**YOUR OBJECTIVE:** From the first line to the last, write out the records exactly, leaving the pictures behind.

**Extracted records:**
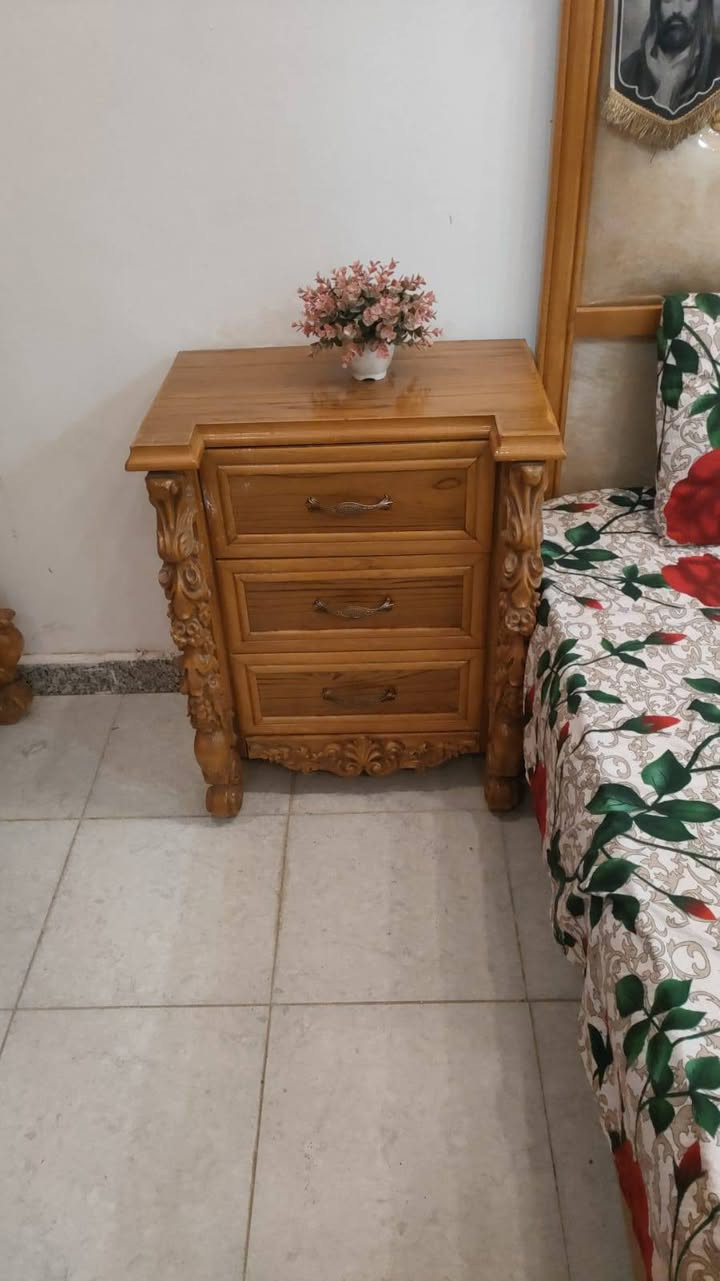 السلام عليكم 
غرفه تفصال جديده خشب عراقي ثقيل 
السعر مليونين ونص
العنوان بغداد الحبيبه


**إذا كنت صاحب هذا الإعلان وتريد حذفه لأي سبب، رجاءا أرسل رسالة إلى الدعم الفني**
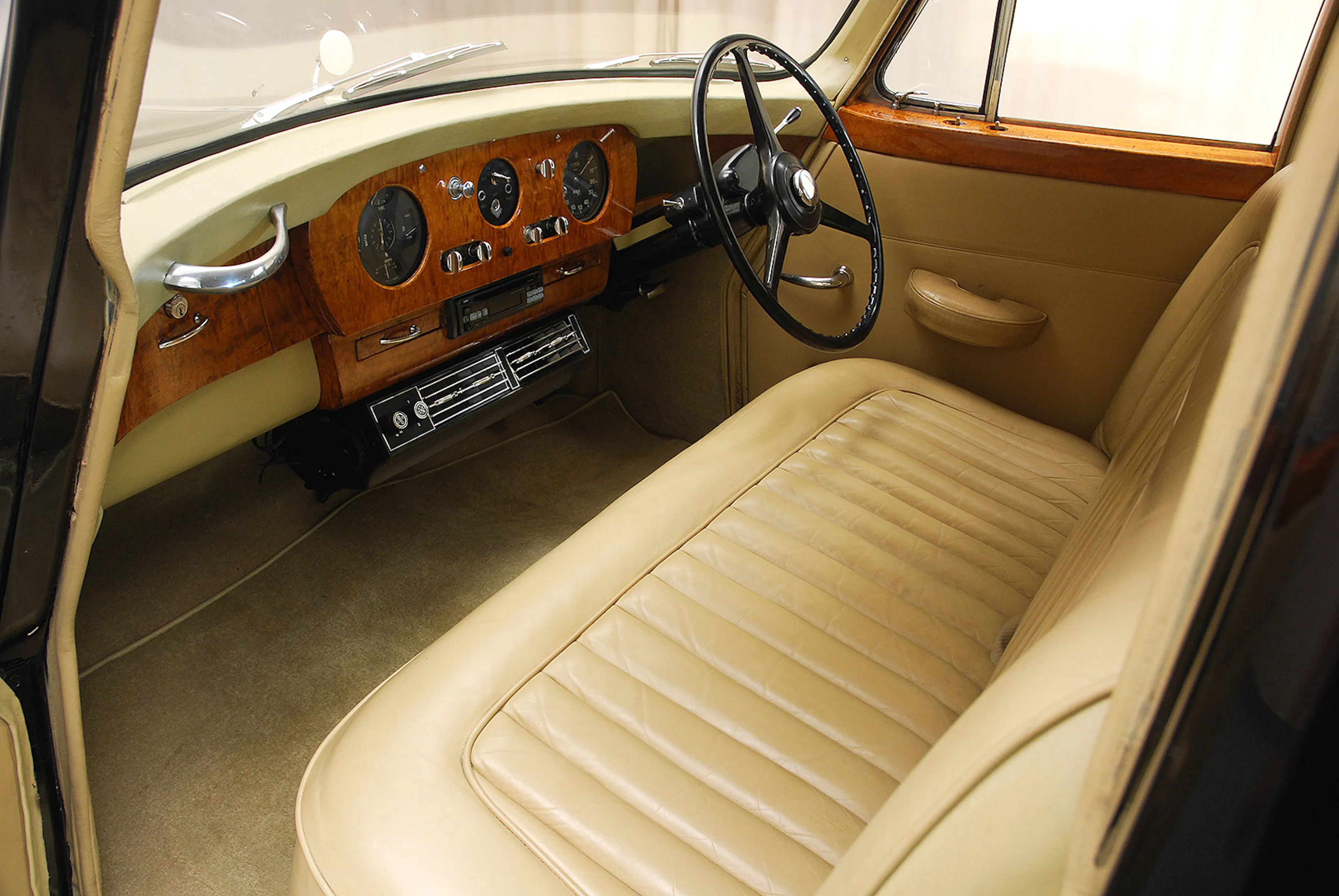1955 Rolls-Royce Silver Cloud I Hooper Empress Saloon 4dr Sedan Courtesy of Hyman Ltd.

**YOUR SOLUTION:**
 السلام عليكم 
غرفه تفصال جديده خشب عراقي ثقيل 
السعر مليونين ونص
العنوان بغداد الحبيبه


**إذا كنت صاحب هذا الإعلان وتريد حذفه لأي سبب، رجاءا أرسل رسالة إلى الدعم الفني**
1955 Rolls-Royce Silver Cloud I Hooper Empress Saloon 4dr Sedan Courtesy of Hyman Ltd.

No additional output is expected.